Saksi Aisyah mengaku tidak pernah menanyakan siapa saja orang-orang yang berangkat melakukan perjalanan dinas tersebut. Sebab orang yang meminta dana itu adalah atasannya di PT SMA, Benny.
PT SMA pun, ujar Aisyah, pernah menyerahkan uang Rp200 juta kepada Khairur Rijal. Uang tersebut telah dicatat di buku besar dengan kode fee untuk Dishub Bandung. "Kalau yang Rp200 juta fee buat Dishub Bandung dari pekerjaan pemasangan CCTV," tutur Aisyah.
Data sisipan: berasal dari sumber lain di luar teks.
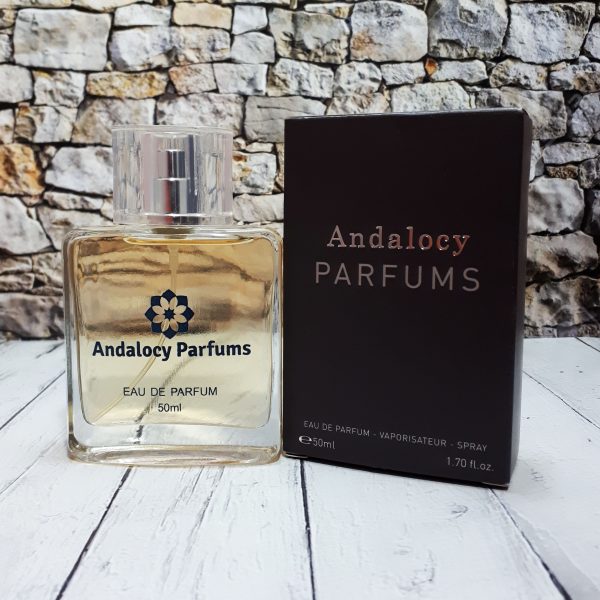 andalocy parfum maroc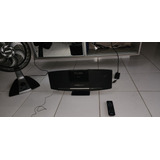 Microsystem Philips Mcm 233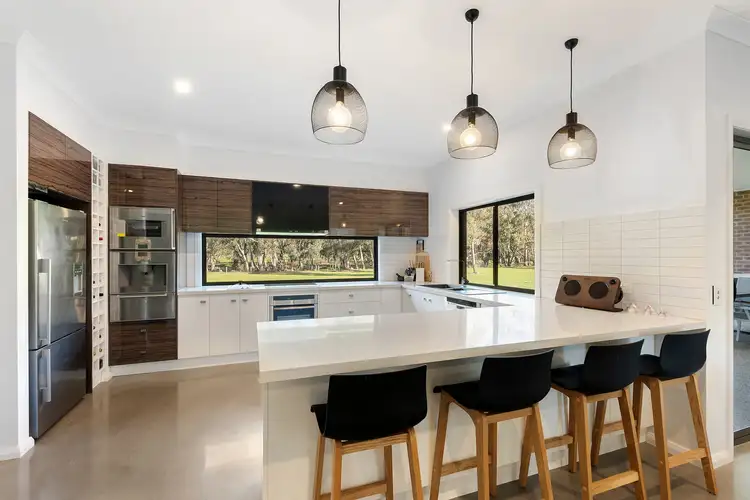 Second view of Homely house listing, 1200C McIvor Highway, Junortoun VIC 3551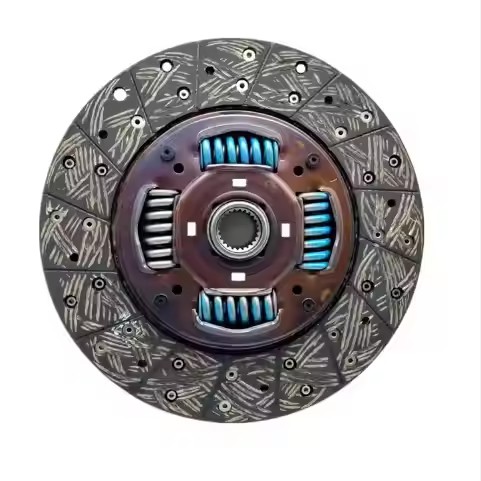 ISD086U 8973771490 4HF1 4HG1 300mm Clutch Disc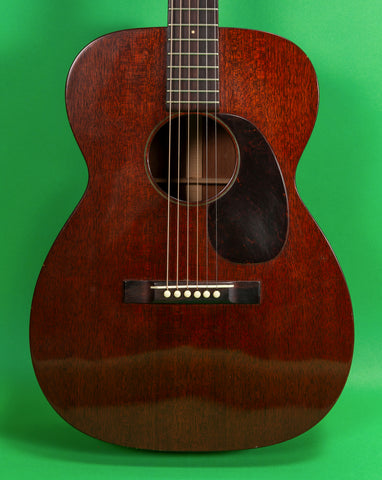 1954 Martin 00 -18  Mahogany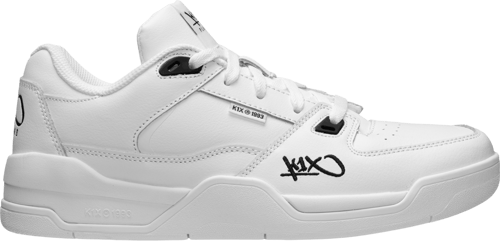 K1X Glide Sneaker Blanco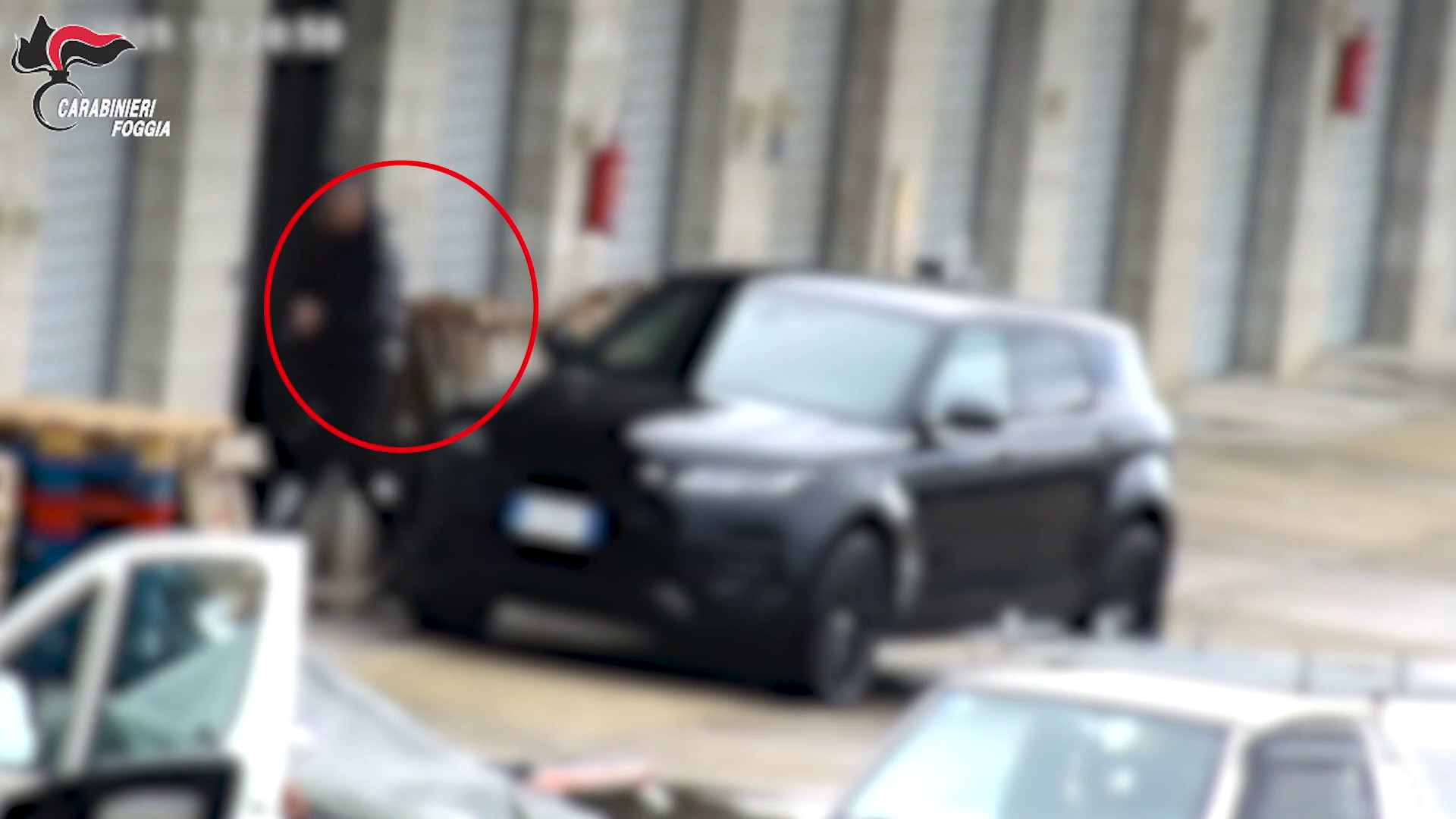 Foggia, blitz antidroga: 33 indagati e 9 arresti tra carcere e domiciliari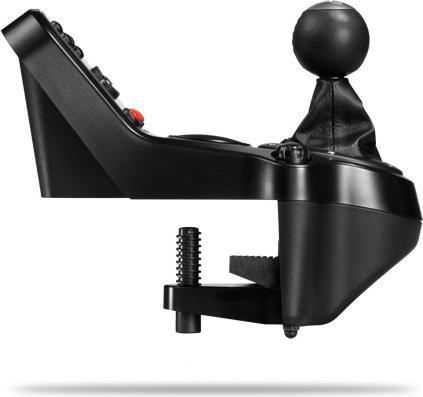 Produktbild Logitech G27 Racing Wheel, PS3/PS2/PC
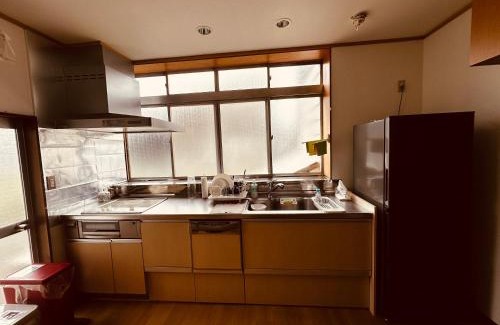 Minamiuonuma House | Urasa cottage at the station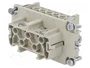 LAPP Conector HDC EPIC H-BE Hembra de 10 Pines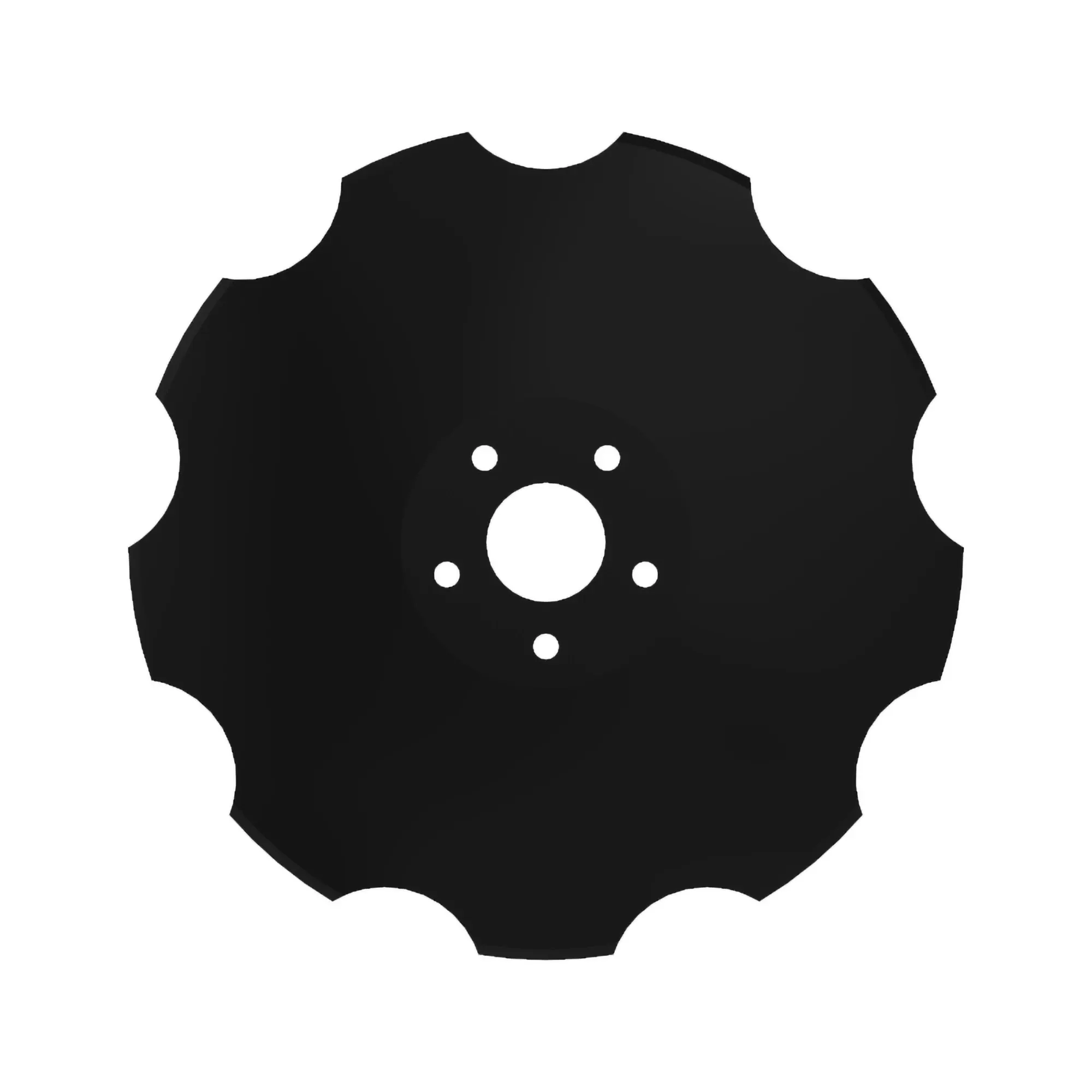 Disk Blade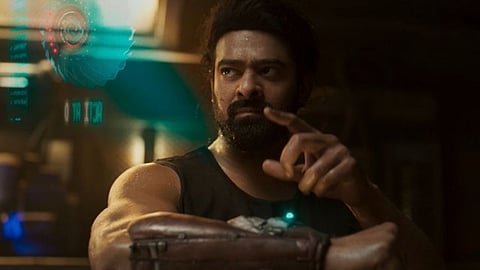 project k kalki teaser out now starring prabhas deepika padukon amitabh bachchan kamal haasan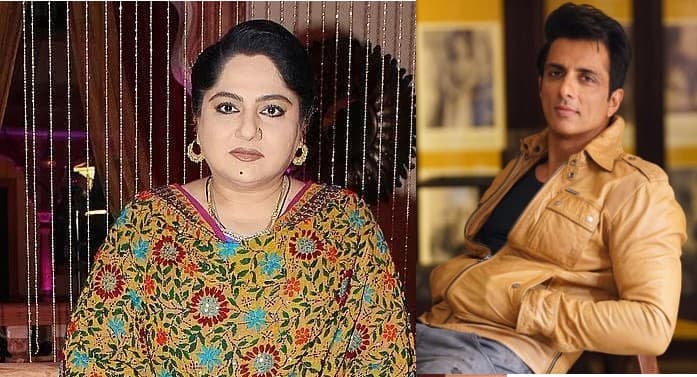 एक्ट्रेस Shagufta Ali की कम नहीं हो रहीं मुश्किलें, Sonu Sood से लगाई मदद की गुहार, एक्टर से मिला ये जवाब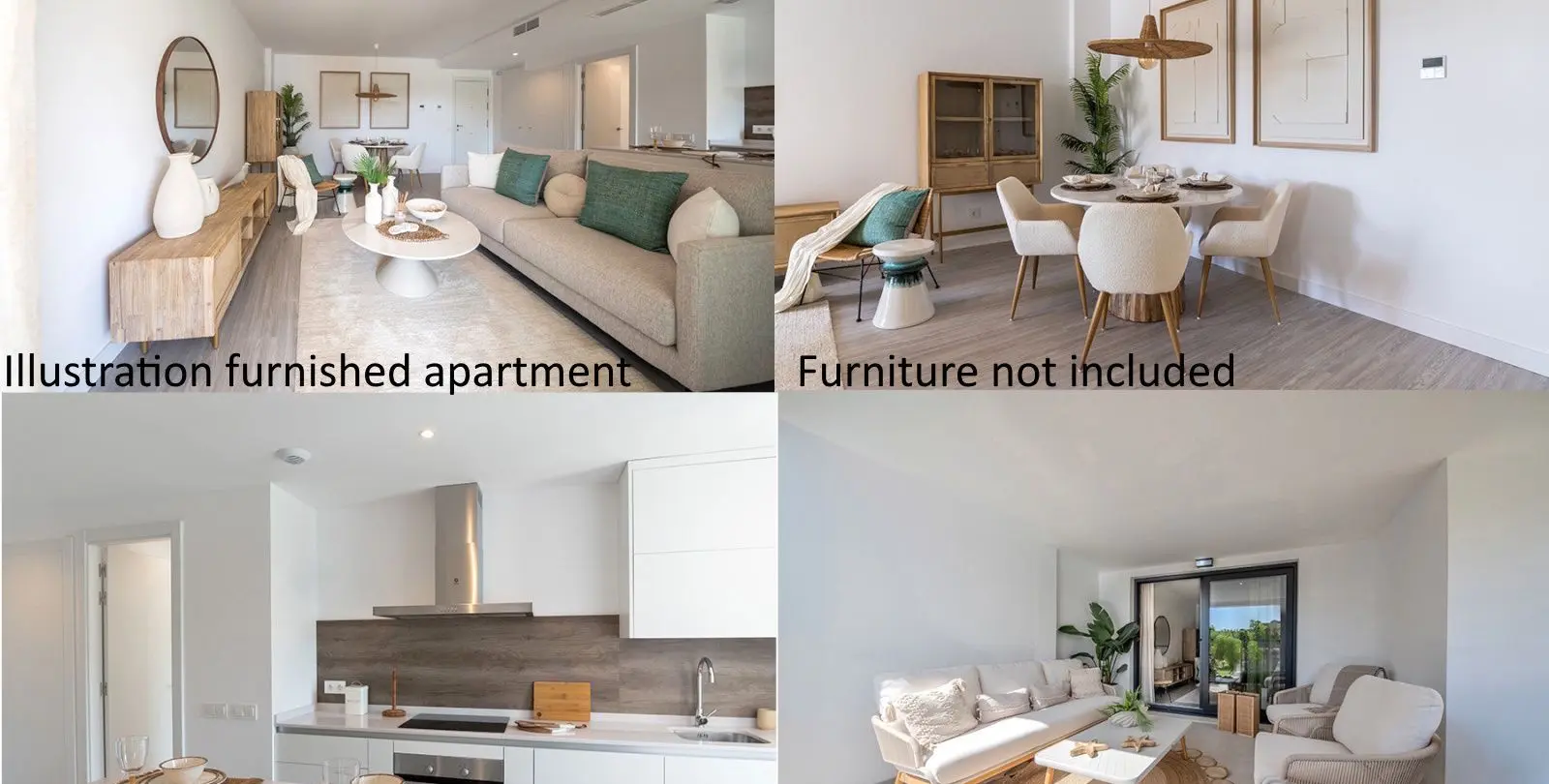 Sale of ground floor apartment in Estepona 20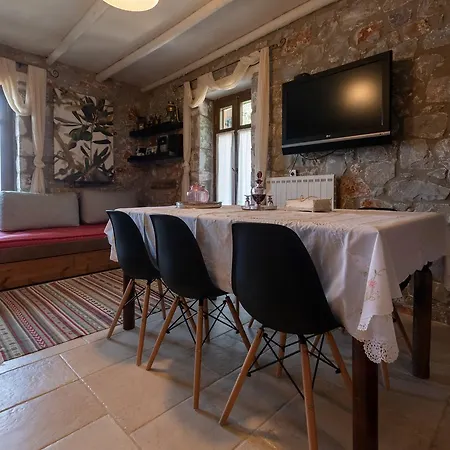Holiday home Luxury Stonehouse Verga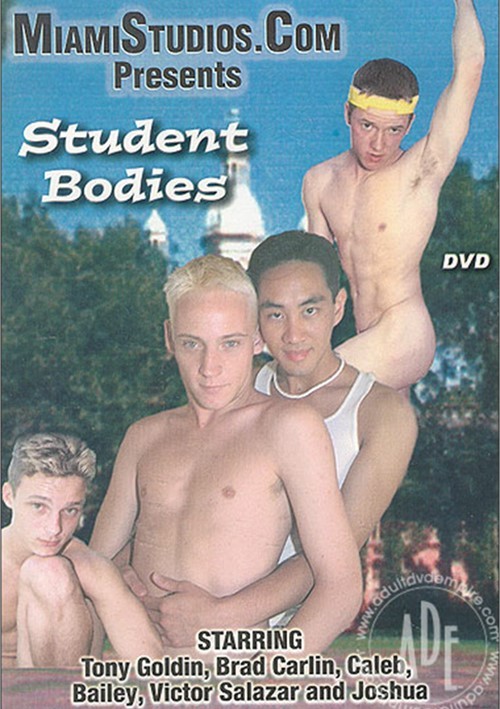 Student Bodies - Gay Porn Videos, DVDs & Sex Toys @ Gay DVD Empire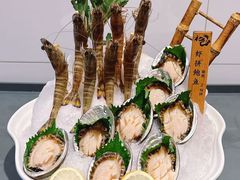 -初色海鲜自助(万丰路店)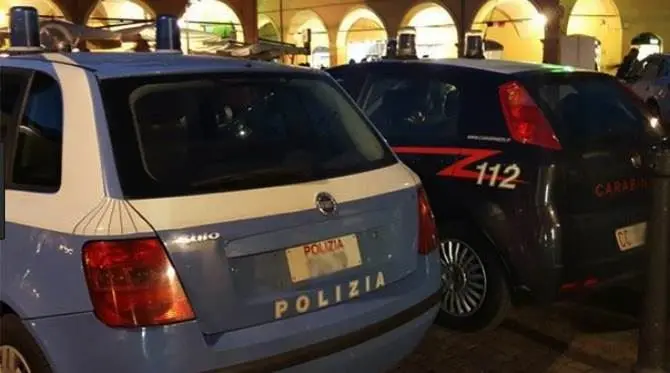 ‘Ndrangheta a Reggio Calabria: arrestati 14 affiliati alla cosca Libri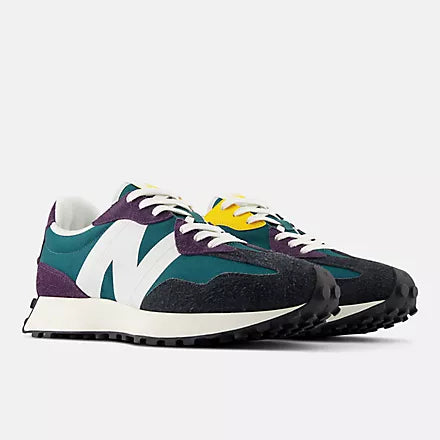 New Balance 327 "Vintage Teal"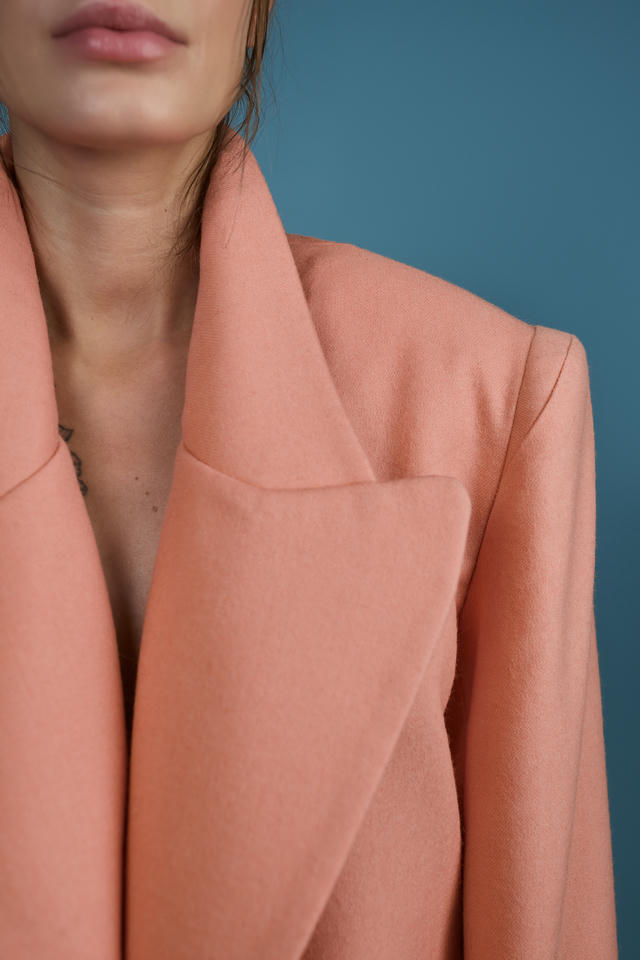 Пиджак Be | ZNWR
Seperti diketahui, Jaksa penuntut umum (JPU) KPK mendakwa Wali Kota Bandung nonaktif Yana Mulyana, Kepala Dishub Kota Bandung Dadang Darmawan serta Sekdishub Kota Bandung Khairur Rijal menerima suap dan gratifikasi pada kasus pengadaan CCTV dan Internet Service Provider (ISP) tahun 2022-2023. Mereka terbukti menyalahgunakan wewenang sebagai penyelenggara negara.
Perbuatan terdakwa melanggar Pasal 11, 12 huruf a, Pasal 12B Jo Pasal 18 undang-undang nomor 31 tahun 1999 tentang Pemberantasan Tindak Pidana Korupsi (Tipikor) sebagaimana telah diubah dengan Undang-undang nomor 20 tahun 2001 tentang perubahan atas Undang-undang Nomor 31 tahun 1999 tentang Pemberantasan Tipikor Jo. Pasal 55 ayat 1 ke 1 KUHPidana Jo. Pasal 65 ayat 1 KUHP.